Considering the following formulae:

(i) $1+2+3+..+n = n(n+1)/2$

(ii) $1\cdot2+2\cdot3+3\cdot4+…+n(n+1) = n(n+1)(n+2)/3$

(iii) $1\cdot2\cdot3+2\cdot3\cdot4+…+n(n+1)(n+2) = n(n+1)(n+2)(n+3)/4$

Find and prove a ‘closed formula’ for the sum

$1\cdot2\cdot3\cdot…\cdot k + 2\cdot3\cdot4\cdot…\cdot(k+1) + … + n(n+1)(n+2)\cdot…\cdot (k+n-1)$

generalizing the formulae above.

I have attempted to ‘put’ the first 3 formulae together but I am getting nowhere and wondered where to even start to finding a closed formula.

Solutions Collecting From Web of "Finding a closed formula for $1\cdot2\cdot3\cdots k +\dots + n(n+1)(n+2)\cdots(k+n-1)$"

The pattern looks pretty clear: you have

\begin{align*} &\sum_{i=1}^ni=\frac12n(n+1)\\ &\sum_{i=1}^ni(i+1)=\frac13n(n+1)(n+2)\\ &\sum_{i=1}^ni(i+1)(i+2)=\frac14n(n+1)(n+2)(n+3)\;, \end{align*}\tag{1}

where the righthand sides are closed formulas for the lefthand sides. Now you want

$$\sum_{i=1}^ni(i+1)(i+2)\dots(i+k-1)\;;$$

what’s the obvious extension of the pattern of $(1)$? Once you write it down, the proof will be by induction on $n$.

Added: The general result, of which the three in $(1)$ are special cases, is $$\sum_{i=1}^ni(i+1)(i+2)\dots(i+k-1)=\frac1{k+1}n(n+1)(n+2)\dots(n+k)\;.\tag{2}$$ For $n=1$ this is $$k!=\frac1{k+1}(k+1)!\;,$$ which is certainly true.

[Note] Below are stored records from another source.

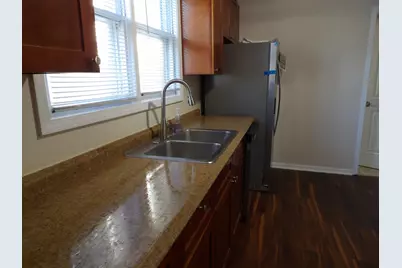 2244 121st Street, Blue Island, IL 60406 - Photo 16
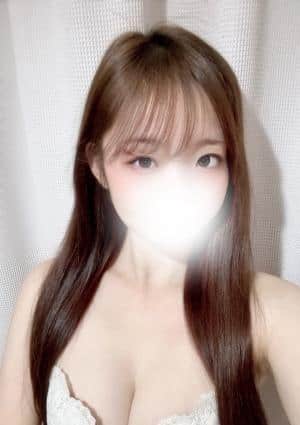 💎うか💎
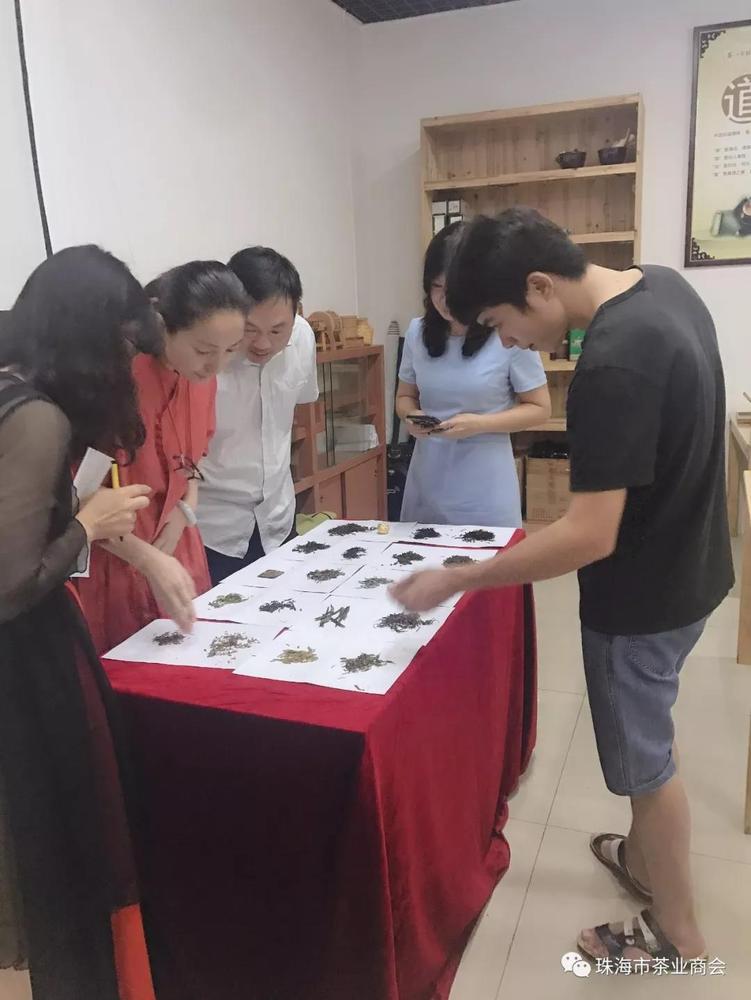 微信图片_20191207094818.jpg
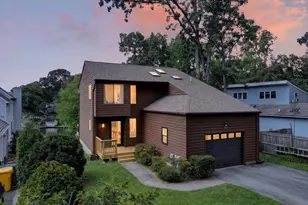 282 Riverside Dr, Pasadena, MD 21122 - Photo 1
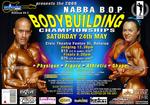 08-NabbaBopPost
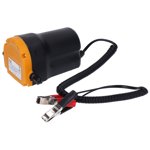 , moteur , voiture de remplacement de voiture pratique de haute puissance moteur moteur d'huile 12V Véhicules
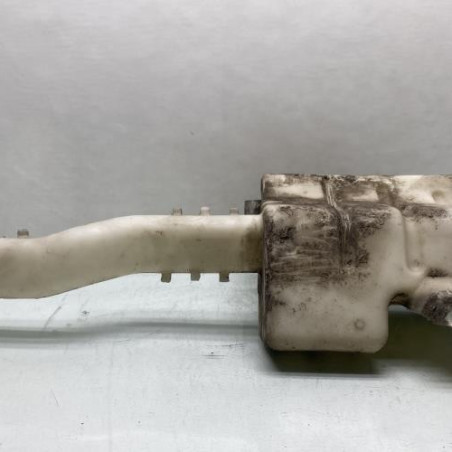 Vase de lave glace FORD TRANSIT 4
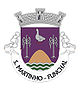 Escudo de São Martinho (Funchal)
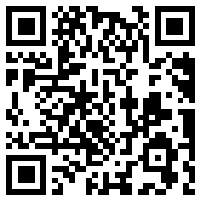 QR Code for bitcoin:bitcoin:dash:Xwp7eZY3od6RhBCkneGPrC7sUf5dP3TTeH
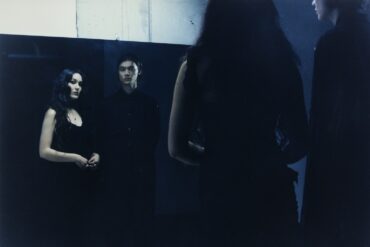 Wasia Project © Claryn Chong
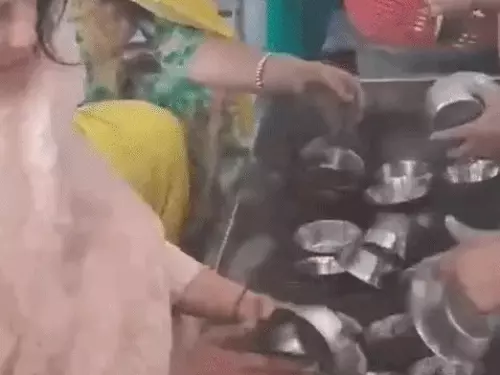 whatsappvideo2026-03-31at45652pm1-ezgifcom-resize1_1774958912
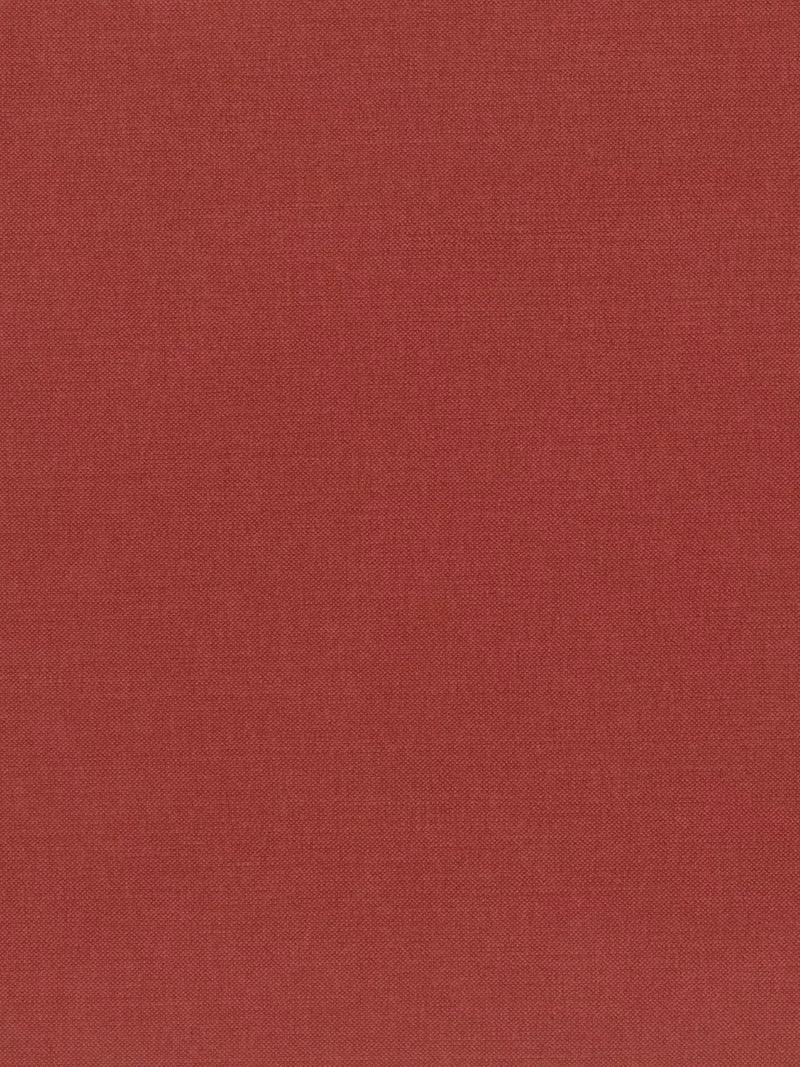 Romo Linara Furnishing Fabric 140cm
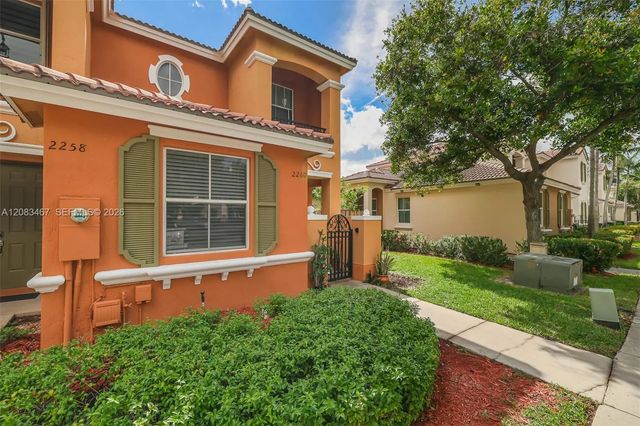 3 of 58 - 2260 Ne 42nd Circle, Homestead, FL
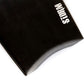 Invert Style Board Storm Quad Concave 2025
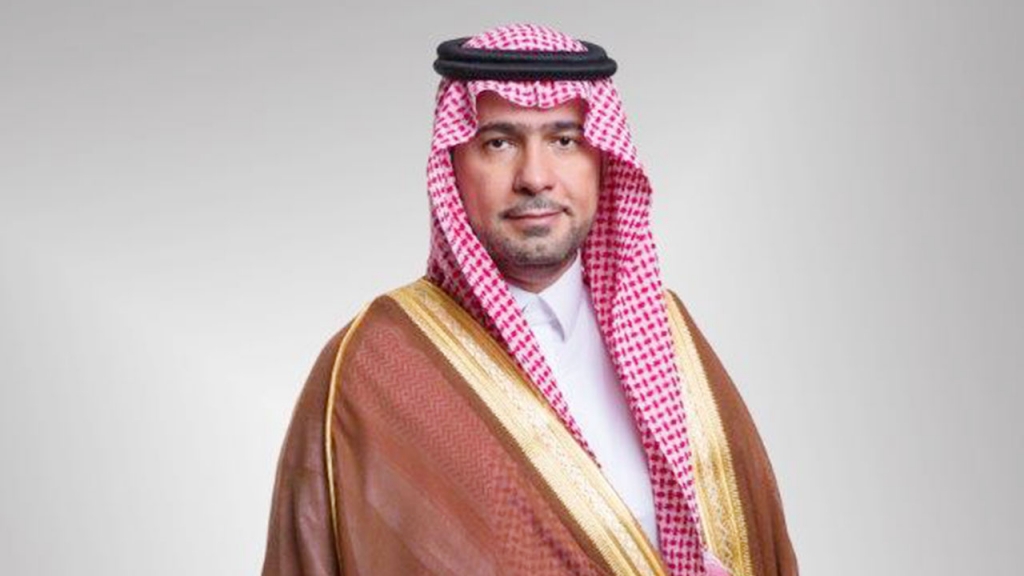 موافقة كريمة على إيقاف رسوم إصدار رخصة الأنشطة التجارية للفنادق والشقق الفندقية والمنتجعات السكنية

Now suppose that $(2)$ holds. Then

\begin{align*}\sum_{i=1}^{n+1}i(i+1)&(i+2)\dots(i+k-1)\\ &\overset{(1)}=(n+1)(n+2)\dots(n+k)+\sum_{i=1}^ni(i+1)(i+2)\dots(i+k-1)\\ &\overset{(2)}=(n+1)(n+2)\dots(n+k)+\frac1{k+1}n(n+1)(n+2)\dots(n+k)\\ &\overset{(3)}=\left(1+\frac{n}{k+1}\right)(n+1)(n+2)\dots(n+k)\\ &=\frac{n+k+1}{k+1}(n+1)(n+2)\dots(n+k)\\ &=\frac1{k+1}(n+1)(n+2)\dots(n+k)(n+k+1)\;, \end{align*}

exactly what we wanted, giving us the induction step. Here $(1)$ is just separating the last term of the summation from the first $n$, $(2)$ is applying the induction hypothesis, $(3)$ is pulling out the common factor of $(n+1)(n+2)\dots(n+k)$, and the rest is just algebra.

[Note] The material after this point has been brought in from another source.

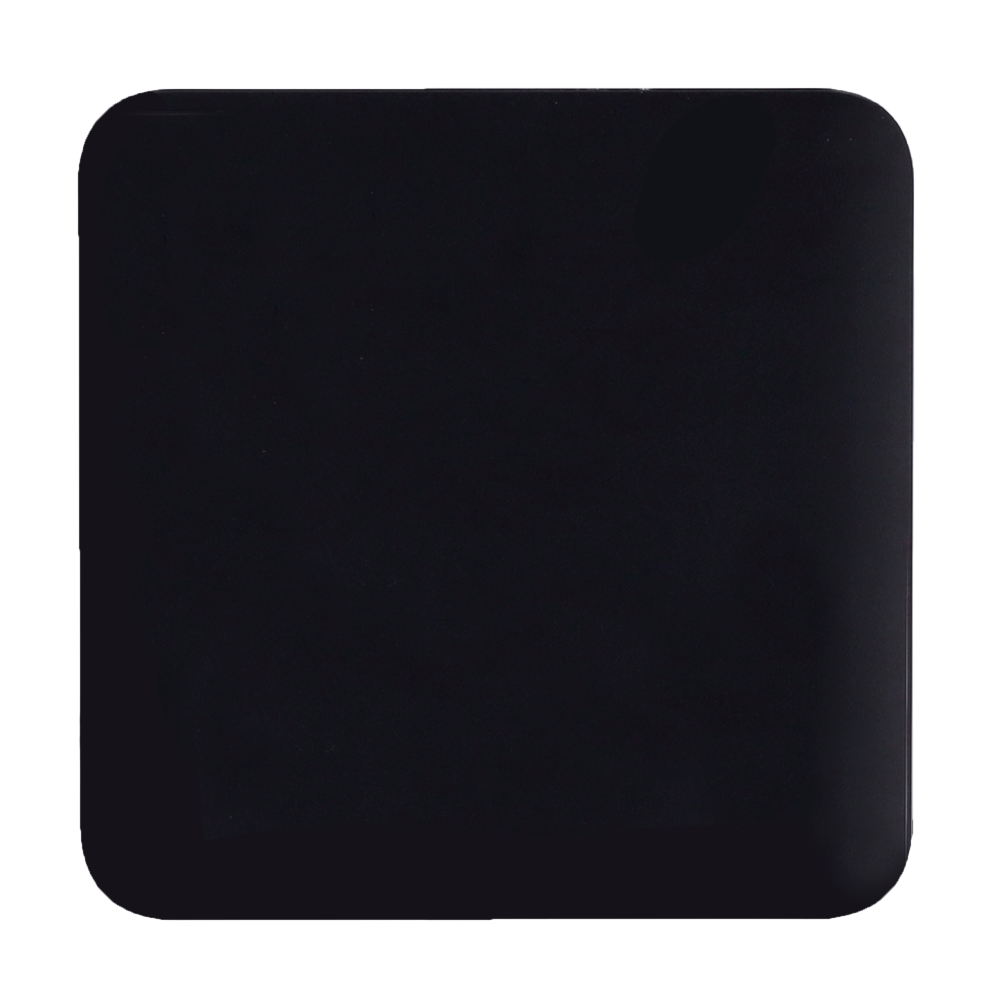 AJ-SOLOBUTTON-1G2W-B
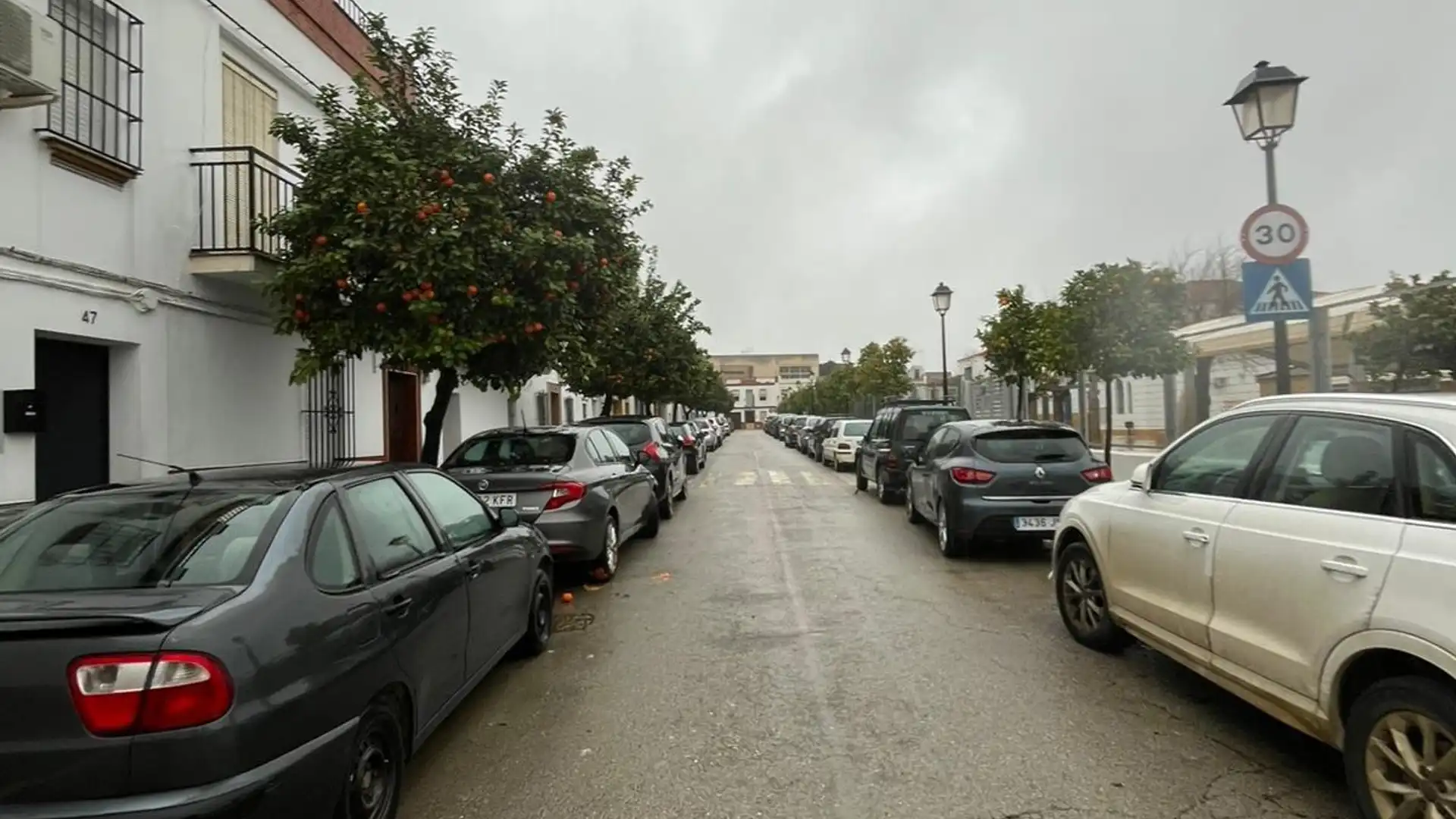 Casa o chalet en venta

If you divide both sides by $k!$ you will get binomial coefficients and you are in fact trying to prove
$$\binom kk + \binom{k+1}k + \dots + \binom{k+n-1}k = \binom{k+n}{k+1}.$$
This is precisely the identity from this question.

The same argument for $k=3$ was used here.

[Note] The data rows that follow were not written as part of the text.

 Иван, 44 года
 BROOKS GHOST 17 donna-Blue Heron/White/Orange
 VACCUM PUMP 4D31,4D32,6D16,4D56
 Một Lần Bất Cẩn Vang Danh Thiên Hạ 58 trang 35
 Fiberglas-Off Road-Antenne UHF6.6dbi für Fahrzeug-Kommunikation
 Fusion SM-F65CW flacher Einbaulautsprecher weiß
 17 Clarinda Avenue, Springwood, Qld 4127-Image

Or you can look at your problem the other way round: If you prove this result about finite sums
$$\sum_{j=1}^n j(j+1)\dots(j+k-1)= \frac{n(n+1)\dots{n+k-1}}{k+1},$$
you also get a proof of the identity about binomial coefficients.

For a fixed non-negative $k$, let $$f(i)=\frac{1}{k+1}i(i+1)\ldots(i+k).$$
Then $$f(i)-f(i-1)=i(i+1)\ldots(i+k-1).$$
By telescoping,

$$\sum_{i=1}^ni(i+1)(i+2)\dots(i+k-1)=\sum_{i=1}^n\left(f(i)-f(i-1)\right)=f(n)-f(0)=f(n)$$

and we are done.

I asked exactly this question a couple of days ago, here:

Telescoping series of form $\sum (n+1)\cdot…\cdot(n+k)$

My favourite solution path so far is
$$n(n+1)\cdot…\cdot(n+k)/(k+1)$$